Task statement: Could you copy exactly the lines below, beginning at the line with "Venucia R50 2013" and stopping after the line with "BRADLEY SQUARE - Residential", with no pictures?

Available records:

--

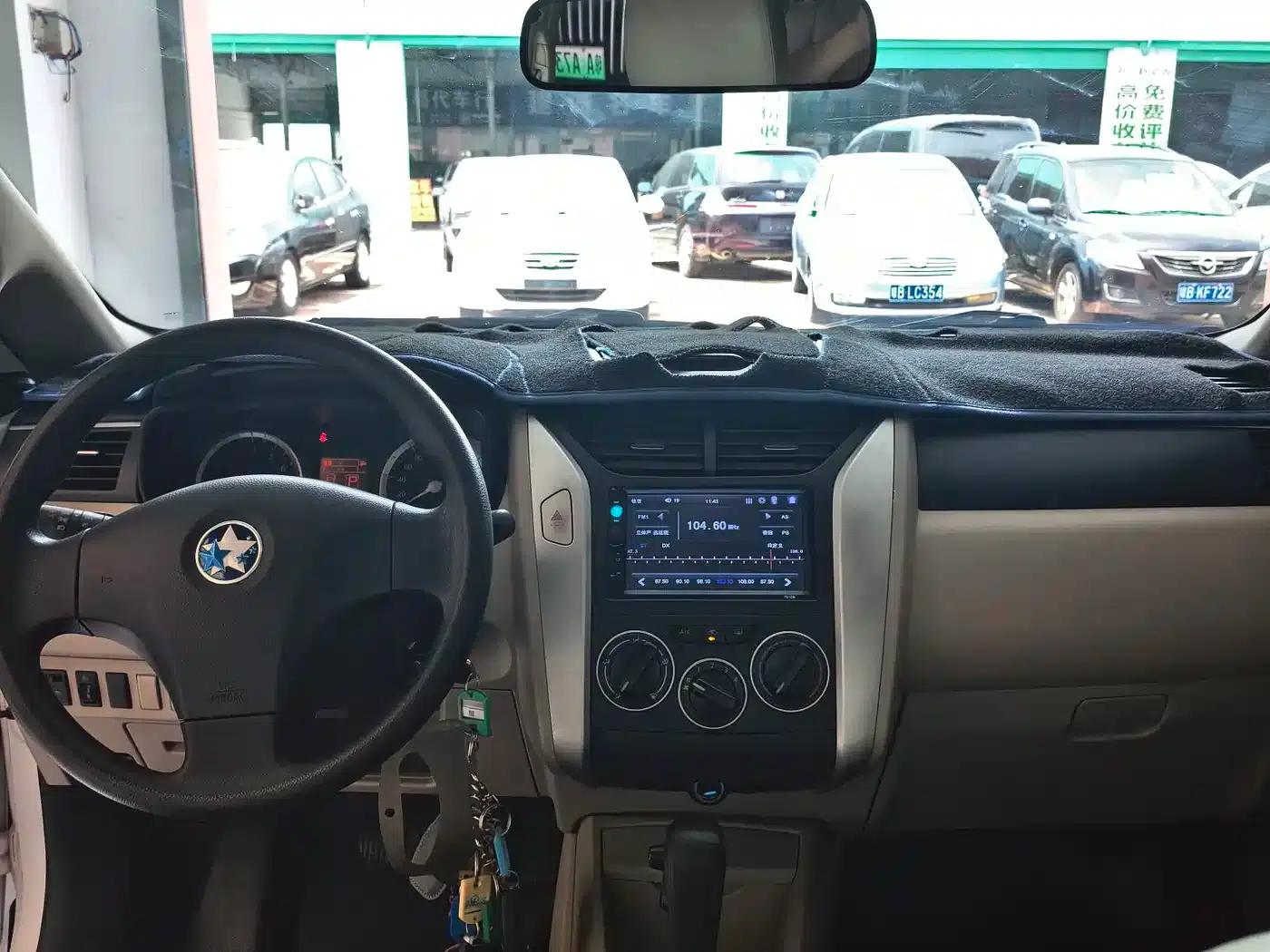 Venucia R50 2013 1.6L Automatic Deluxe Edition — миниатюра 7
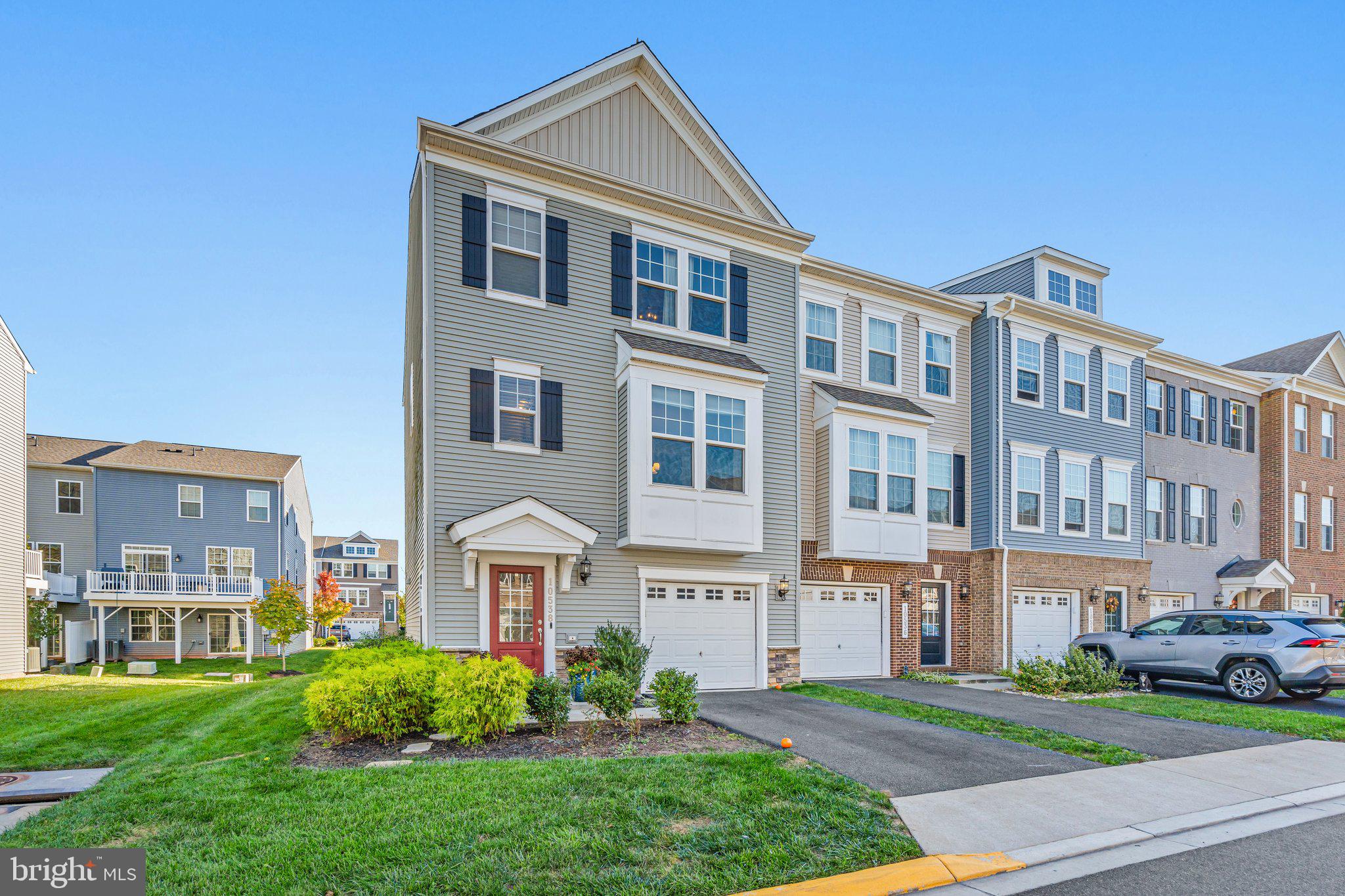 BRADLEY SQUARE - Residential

--

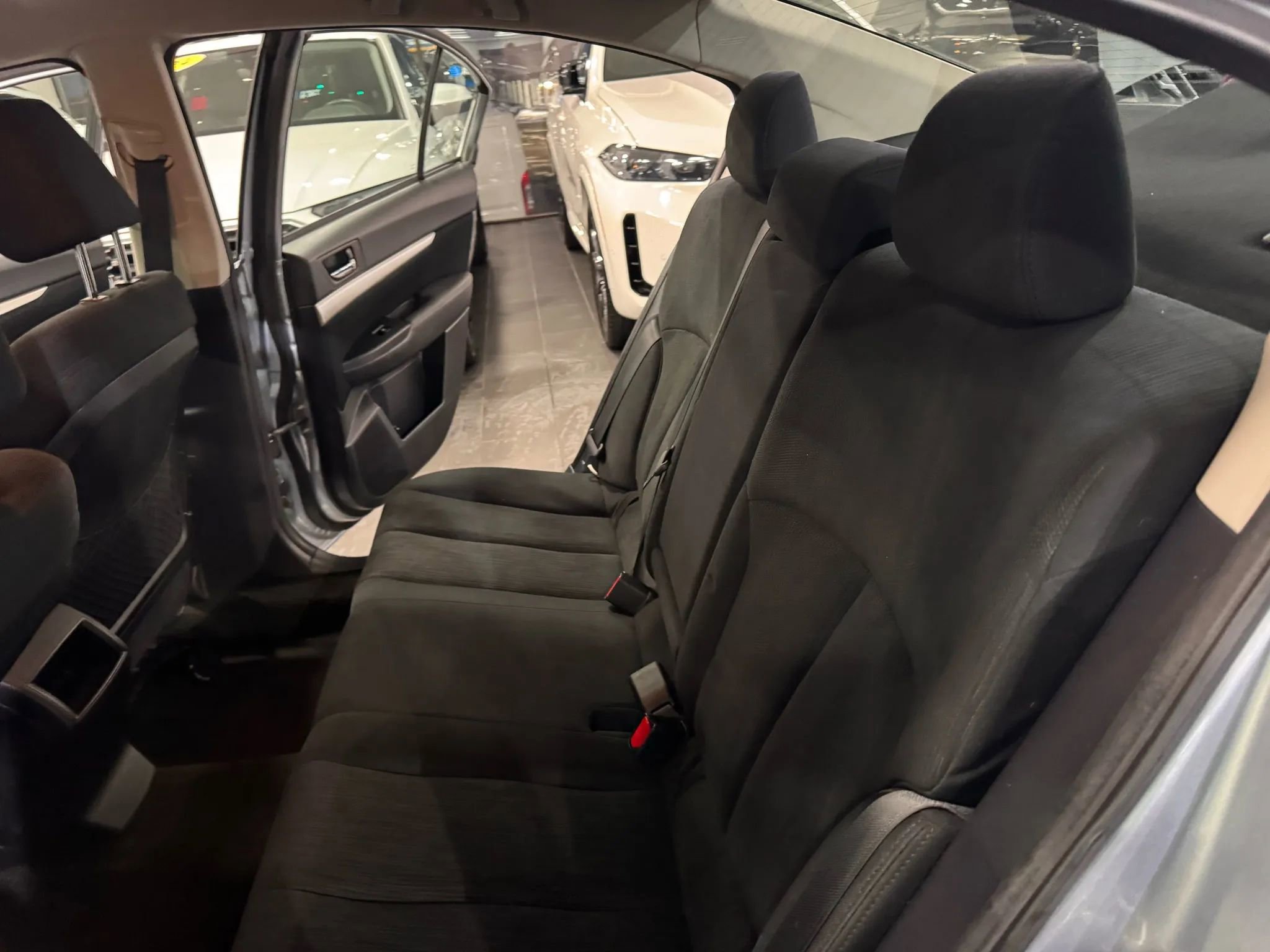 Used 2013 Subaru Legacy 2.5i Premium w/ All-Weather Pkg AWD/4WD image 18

--

Solution to the problem:
 Venucia R50 2013 1.6L Automatic Deluxe Edition — миниатюра 7
 BRADLEY SQUARE - Residential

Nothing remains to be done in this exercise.